I know this is a power series $\sum_{n=0}^\infty c_n \, (x-a)^n$ where $c_n = n$ and $x = \frac{1}{2}$ and $a = 0$, but otherwise I am stuck.
On
Let $$ I=\sum_{i=1}^\infty\frac{i}{2^i}. $$ Then $$ 2I=\sum_{i=1}^\infty\frac{i}{2^{i-1}}=1+\sum_{i=2}^\infty\frac{i}{2^{i-1}} =1+\sum_{i=1}^\infty\frac{i+1}{2^{i}}=1+I+\sum_{n=1}^\infty\frac{1}{2^i}=2+I. $$ Thus $I=2$.

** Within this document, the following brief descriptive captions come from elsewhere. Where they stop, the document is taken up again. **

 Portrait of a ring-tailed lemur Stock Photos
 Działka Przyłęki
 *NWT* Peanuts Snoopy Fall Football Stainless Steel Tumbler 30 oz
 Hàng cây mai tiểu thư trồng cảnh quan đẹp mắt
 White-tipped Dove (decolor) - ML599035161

Note. If $2$ in $\frac{i}{2^i}$ is replaced by $a>1$, then $I$ becomes $\frac{2}{a-1}$.
On
As a change of pace from the usual derivative, we can show that the result is an immediate consequence of the summagration-by-parts formula for two sequences:
$$\sum_{k=m}^{n}f_{k}\left(g_{k+1}-g_{k}\right)=\left[f_{n+1}g_{n+1}-f_{m}g_{m}\right]-\sum_{k=m}^{n}g_{k+1}\left(f_{k+1}-f_{k}\right).$$
Letting $f_{k}=k$ and $g_{k}=-2^{1-k}$, we have:
$$\sum_{k=m}^{n}k\,2^{-k}=\left[-(n+1)2^{1-n-1}+m\,2^{1-m}\right]+\sum_{k=m}^{n}2^{1-k-1}\left(k+1-k\right).$$
It should be fairly clear where to go from there.

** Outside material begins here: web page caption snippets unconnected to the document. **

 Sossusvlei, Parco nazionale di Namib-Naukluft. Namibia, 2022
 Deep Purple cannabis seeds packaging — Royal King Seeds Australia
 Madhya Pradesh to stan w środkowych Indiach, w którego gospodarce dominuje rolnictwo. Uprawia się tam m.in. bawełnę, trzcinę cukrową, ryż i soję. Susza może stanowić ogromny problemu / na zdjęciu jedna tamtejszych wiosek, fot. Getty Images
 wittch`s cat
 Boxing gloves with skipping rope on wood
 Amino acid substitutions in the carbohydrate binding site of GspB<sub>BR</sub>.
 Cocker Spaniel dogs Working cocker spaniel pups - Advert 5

Consider $f(x)=\sum\limits_{i=0}^\infty x^i=\frac{1}{1-x}$ for $|x|<1$. Then
$$f'(x)=\sum\limits_{i=0}^\infty i x^{i-1}=\sum\limits_{i=1}^\infty i x^{i-1}=\frac1{(1-x)^2}$$ for $|x|<1$. Plugging in $x=\frac12$, we have
$$\frac12f'(1/2)=\sum_{i=1}^\infty\frac i{2^i}=\frac1{2 \left(1-\frac12\right)^2}=2$$
So $$\sum\limits_{i=1}^\infty\frac i{2^i}=2$$